[TASK STATEMENT] Repeat exactly the lines below that lie between the line with "110-layer Damascus Scissors" and the line with "Bromo BAN 2CE", counting both of those lines as part of the answer.
── RECORDS PROVIDED
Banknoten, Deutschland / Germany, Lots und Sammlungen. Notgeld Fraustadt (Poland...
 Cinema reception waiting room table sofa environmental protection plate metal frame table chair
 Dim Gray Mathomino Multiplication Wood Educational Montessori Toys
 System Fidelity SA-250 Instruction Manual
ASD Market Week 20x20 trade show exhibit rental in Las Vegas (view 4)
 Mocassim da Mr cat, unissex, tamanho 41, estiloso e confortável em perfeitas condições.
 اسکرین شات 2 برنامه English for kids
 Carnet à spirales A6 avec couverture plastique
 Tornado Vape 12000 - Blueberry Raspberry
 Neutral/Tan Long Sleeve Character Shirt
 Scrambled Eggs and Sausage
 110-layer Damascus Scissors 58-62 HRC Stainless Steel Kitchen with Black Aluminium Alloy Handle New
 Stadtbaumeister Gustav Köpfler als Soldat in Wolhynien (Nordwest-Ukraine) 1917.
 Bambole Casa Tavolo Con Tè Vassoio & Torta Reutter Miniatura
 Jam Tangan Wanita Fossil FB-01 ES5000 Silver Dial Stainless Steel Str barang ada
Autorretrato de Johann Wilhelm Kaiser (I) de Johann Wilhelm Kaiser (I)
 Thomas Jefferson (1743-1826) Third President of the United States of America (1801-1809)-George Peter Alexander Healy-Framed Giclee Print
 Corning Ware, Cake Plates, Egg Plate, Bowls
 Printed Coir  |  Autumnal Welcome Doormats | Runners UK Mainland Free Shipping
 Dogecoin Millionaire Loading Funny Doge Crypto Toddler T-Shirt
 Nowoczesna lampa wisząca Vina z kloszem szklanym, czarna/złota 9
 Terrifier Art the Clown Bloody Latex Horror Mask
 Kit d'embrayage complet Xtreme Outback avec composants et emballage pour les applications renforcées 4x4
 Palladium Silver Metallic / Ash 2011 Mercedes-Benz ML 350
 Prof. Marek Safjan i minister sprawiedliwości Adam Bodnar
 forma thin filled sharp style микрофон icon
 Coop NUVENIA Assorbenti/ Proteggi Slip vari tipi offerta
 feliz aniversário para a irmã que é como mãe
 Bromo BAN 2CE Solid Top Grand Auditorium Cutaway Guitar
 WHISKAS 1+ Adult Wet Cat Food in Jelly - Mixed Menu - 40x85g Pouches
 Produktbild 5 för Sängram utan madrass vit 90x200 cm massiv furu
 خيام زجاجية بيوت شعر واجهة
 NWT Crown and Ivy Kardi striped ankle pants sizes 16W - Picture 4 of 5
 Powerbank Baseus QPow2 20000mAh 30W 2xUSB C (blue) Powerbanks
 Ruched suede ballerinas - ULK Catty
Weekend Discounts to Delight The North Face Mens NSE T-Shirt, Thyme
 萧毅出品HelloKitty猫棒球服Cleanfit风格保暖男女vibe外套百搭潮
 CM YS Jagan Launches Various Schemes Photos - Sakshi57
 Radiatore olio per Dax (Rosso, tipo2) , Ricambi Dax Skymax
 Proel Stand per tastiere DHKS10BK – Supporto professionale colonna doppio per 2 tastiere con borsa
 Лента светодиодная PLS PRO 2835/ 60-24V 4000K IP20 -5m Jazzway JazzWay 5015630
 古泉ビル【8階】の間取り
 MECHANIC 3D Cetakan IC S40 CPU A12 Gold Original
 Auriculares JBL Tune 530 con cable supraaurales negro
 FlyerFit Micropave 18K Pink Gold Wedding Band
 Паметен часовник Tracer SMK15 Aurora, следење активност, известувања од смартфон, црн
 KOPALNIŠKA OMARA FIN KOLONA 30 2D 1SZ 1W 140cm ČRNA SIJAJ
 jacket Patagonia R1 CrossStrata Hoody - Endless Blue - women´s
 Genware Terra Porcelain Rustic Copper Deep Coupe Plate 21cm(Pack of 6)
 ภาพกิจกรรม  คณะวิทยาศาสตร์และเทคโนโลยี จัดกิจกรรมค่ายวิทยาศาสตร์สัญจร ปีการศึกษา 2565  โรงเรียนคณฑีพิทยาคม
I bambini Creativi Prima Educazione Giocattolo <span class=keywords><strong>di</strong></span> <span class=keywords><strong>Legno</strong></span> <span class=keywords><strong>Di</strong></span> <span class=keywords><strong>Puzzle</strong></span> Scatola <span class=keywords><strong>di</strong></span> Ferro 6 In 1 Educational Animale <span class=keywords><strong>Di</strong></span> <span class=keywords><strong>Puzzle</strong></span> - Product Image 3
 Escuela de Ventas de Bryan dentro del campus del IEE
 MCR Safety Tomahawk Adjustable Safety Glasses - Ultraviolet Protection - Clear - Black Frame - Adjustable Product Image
────
[EXERCISE RESPONSE]
 110-layer Damascus Scissors 58-62 HRC Stainless Steel Kitchen with Black Aluminium Alloy Handle New
 Stadtbaumeister Gustav Köpfler als Soldat in Wolhynien (Nordwest-Ukraine) 1917.
 Bambole Casa Tavolo Con Tè Vassoio & Torta Reutter Miniatura
 Jam Tangan Wanita Fossil FB-01 ES5000 Silver Dial Stainless Steel Str barang ada
Autorretrato de Johann Wilhelm Kaiser (I) de Johann Wilhelm Kaiser (I)
 Thomas Jefferson (1743-1826) Third President of the United States of America (1801-1809)-George Peter Alexander Healy-Framed Giclee Print
 Corning Ware, Cake Plates, Egg Plate, Bowls
 Printed Coir  |  Autumnal Welcome Doormats | Runners UK Mainland Free Shipping
 Dogecoin Millionaire Loading Funny Doge Crypto Toddler T-Shirt
 Nowoczesna lampa wisząca Vina z kloszem szklanym, czarna/złota 9
 Terrifier Art the Clown Bloody Latex Horror Mask
 Kit d'embrayage complet Xtreme Outback avec composants et emballage pour les applications renforcées 4x4
 Palladium Silver Metallic / Ash 2011 Mercedes-Benz ML 350
 Prof. Marek Safjan i minister sprawiedliwości Adam Bodnar
 forma thin filled sharp style микрофон icon
 Coop NUVENIA Assorbenti/ Proteggi Slip vari tipi offerta
 feliz aniversário para a irmã que é como mãe
 Bromo BAN 2CE Solid Top Grand Auditorium Cutaway Guitar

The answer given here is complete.